Collected data entries
BEGIN
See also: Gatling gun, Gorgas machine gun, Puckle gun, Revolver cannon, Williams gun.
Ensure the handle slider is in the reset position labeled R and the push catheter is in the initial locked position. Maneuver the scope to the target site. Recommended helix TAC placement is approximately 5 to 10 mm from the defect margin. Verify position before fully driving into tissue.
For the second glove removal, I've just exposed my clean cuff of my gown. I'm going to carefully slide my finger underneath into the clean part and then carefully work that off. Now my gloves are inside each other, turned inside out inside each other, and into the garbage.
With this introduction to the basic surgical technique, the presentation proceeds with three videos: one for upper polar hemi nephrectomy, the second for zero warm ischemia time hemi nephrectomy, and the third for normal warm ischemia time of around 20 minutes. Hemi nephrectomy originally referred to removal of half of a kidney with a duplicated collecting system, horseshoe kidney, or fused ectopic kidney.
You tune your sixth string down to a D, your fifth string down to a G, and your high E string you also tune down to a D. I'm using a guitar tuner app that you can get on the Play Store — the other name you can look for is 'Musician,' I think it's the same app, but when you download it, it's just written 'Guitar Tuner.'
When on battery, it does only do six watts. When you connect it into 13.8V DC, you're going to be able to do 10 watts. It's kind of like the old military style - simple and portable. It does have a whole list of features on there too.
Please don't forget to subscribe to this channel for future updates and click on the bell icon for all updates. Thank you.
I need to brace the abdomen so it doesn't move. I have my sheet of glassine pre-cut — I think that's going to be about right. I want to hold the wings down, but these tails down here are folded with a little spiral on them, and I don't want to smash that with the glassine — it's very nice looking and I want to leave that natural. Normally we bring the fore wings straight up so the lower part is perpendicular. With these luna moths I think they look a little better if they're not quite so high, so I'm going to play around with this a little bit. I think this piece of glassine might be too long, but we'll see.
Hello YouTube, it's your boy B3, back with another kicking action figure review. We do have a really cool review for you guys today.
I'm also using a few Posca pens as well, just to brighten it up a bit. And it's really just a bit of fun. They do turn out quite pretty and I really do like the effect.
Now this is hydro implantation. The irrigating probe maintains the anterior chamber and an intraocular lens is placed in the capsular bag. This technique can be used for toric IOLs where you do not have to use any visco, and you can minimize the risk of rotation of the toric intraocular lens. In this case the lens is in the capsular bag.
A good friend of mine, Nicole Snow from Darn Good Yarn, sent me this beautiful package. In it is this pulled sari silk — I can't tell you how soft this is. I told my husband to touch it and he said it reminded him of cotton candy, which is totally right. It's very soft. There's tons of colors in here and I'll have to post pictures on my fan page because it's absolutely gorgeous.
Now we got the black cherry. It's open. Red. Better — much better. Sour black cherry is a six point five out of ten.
END
• **What is required**
Please return the lines above that run from the line containing "For the second" to the line containing "With this introduction", inclusive, exactly and with no other lines.

• **Task result**
For the second glove removal, I've just exposed my clean cuff of my gown. I'm going to carefully slide my finger underneath into the clean part and then carefully work that off. Now my gloves are inside each other, turned inside out inside each other, and into the garbage.
With this introduction to the basic surgical technique, the presentation proceeds with three videos: one for upper polar hemi nephrectomy, the second for zero warm ischemia time hemi nephrectomy, and the third for normal warm ischemia time of around 20 minutes. Hemi nephrectomy originally referred to removal of half of a kidney with a duplicated collecting system, horseshoe kidney, or fused ectopic kidney.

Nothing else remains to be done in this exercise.